With this warning in mind I was careful – to state my position exactly – and I did it in the following sentences:

“I am, as you all know, in personal belief a free trader and advocate making, as soon as it can be lawfully done, a radical change in the present system of taxation by which change the burden shall be shifted from the products of labor where it now bears heaviest onto the monopoly of natural opportunities to labor. This, I am well aware, is for the future and not yet in present issue. However, reluctant and personally diffident I have been and am to enter this campaign of principle as a candidate, I will do everything in my power to bring about a discussion that will demonstrate to the people that in freedom and not in restriction rest the true solution of the great problem of justice to all in bearing common burdens and of special privilege to none at the expense of the others.”

This letter of acceptance was my platform and it was probably at once the briefest and most radical platform put forth in that district since the adoption of protection. I was beaten by the Republican nominee, Theodore Burton, by about five hundred votes.

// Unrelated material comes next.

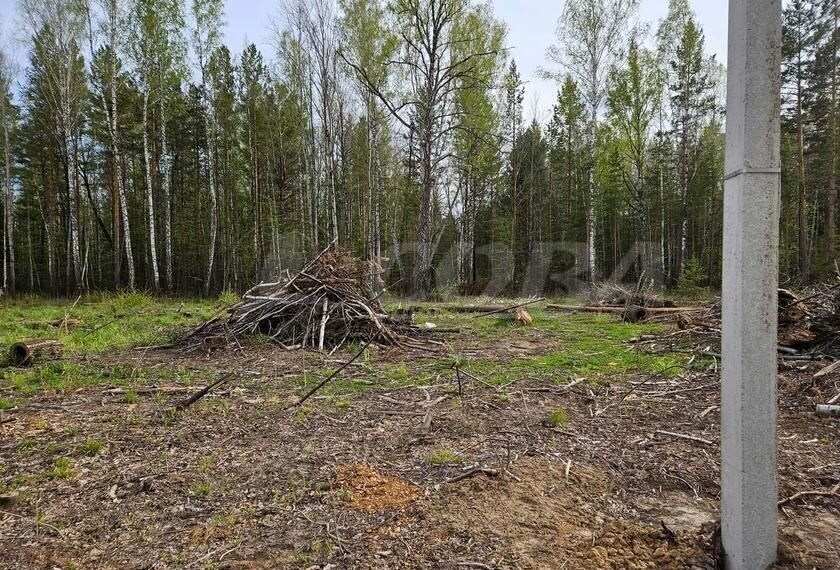 земля р-н Нижнетавдинский с Тюнево Тюмень фото 2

Two years later I was again a candidate for Congress; this time of my own volition, for I had become fully convinced that the most practical way to serve the cause to which I had committed myself was to bring the question into politics. W. W. Armstrong, editor of the Cleveland Plain Dealer, was also a candidate for the Democratic nomination, but after a contest I carried every ward in the city except one, and lost that by only a few votes. Mr. Burton, who had beaten me two years before, was a candidate for reelection and telegraphed a challenge to debate with me the issues of the campaign.

The committee was preparing a letter decline when it occurred to them to consult me about it. I told them I should certainly accept, that I was willing to get off the ticket if that was their wish, but I wasn’t willing to run before I had been hit. They received my decision with many misgivings. As the challenged party I claimed the right to name the terms of the contest, and in the final arrangement it was agreed that each side should make five ten-minute speeches in each debate.

In the two years which had elapsed since my first effort in Cooper Union, I had increased my time limit to ten minutes, and for that space I could talk like a whirlwind, though I probably could not have spoken longer at one stretch to save my life. Mr. Burton is a lawyer, a scholar, a master of English, a practiced speaker, if not an orator, but his style is deliberate and it was next to impossible for him to get fairly started under eleven minutes. We had four debates in public halls in various parts of the city with crowded houses at every meeting. The principal subject of discussion was the tariff. I went to the first of those engagements with an outward show of cheerfulness and confidence that I was very far from feeling, but I had no serious apprehensions after the first night. The ten minute rule saved me, and I won the election.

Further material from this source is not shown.